Googles Markenrichtlinie sorgt für Turbulenzen
Steigende Preise für Keyword-Anzeigen, mehr Aufwand für Unternehmen: Markeninhaber müssen die Verwendung ihrer Brands als Keywords künftig selbst überwachen. Fachjuristen sehen noch Klärungsbedarf.
Die Mitte vergangener Woche in Kraft getretene neue Markenrichtlinie von Google wird zumindest kurzfristig für Unruhe sorgen. Unternehmen müssen sich umstellen. "Nach dem Fall der Google-Markensperre müssen Markeninhaber die Verwendung ihrer Marken als Keywords nun selbst aktiv überwachen, um unzulässige Anzeigen zu finden und gegebenenfalls dagegen vorzugehen“, sagen die Medienrechtsexperten der Schulte Riesenkampff Rechtsanwaltsgesellschaft.
Durch die Änderungen, mit denen Google seine deutsche Markenrichtlinie an die in anderen Ländern anpasst, können Werbungtreibende nun auch markenrechtlich geschützte Bezeichnungen als Keywords buchen.

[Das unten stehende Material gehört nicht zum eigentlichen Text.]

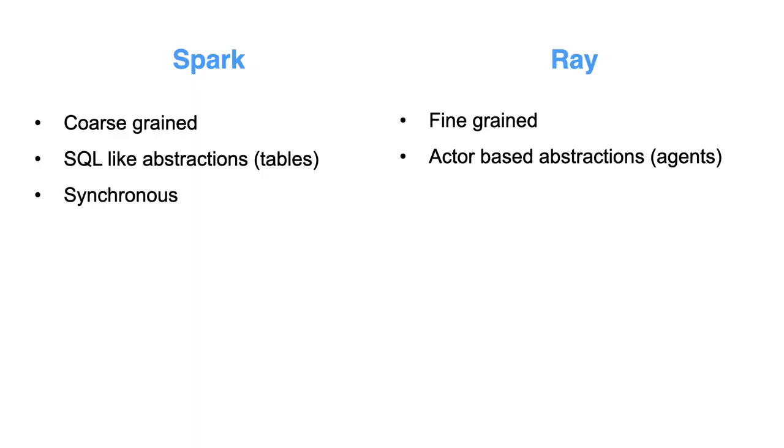And going in line with just the other points I just mentioned, Spark has a synchronous API. So you say run line one, then once that's complete, run line two, then once that's complete, run line three, or at least that's how you think of it as a programmer.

Ein hypothetisches Beispiel: Als Anzeige neben der Google-Suchanfrage "BMW“ könnte dann Audi-Werbung erscheinen, falls Audi BMW überböte. Der Änderung ging eine Entscheidung des Europäischen Gerichtshofes (EuGH) voraus.
Die Medienrechtsexperten Andreas Lober und Carina Neumüller sehen die Kernfrage, ob die Nutzung fremder Marken bei AdWords eine Rechtsverletzung ist oder nicht, aber nicht vollständig beantwortet. Hier steht noch im Raum, wie der Bundesgerichtshof für das deutsche Recht entscheiden wird.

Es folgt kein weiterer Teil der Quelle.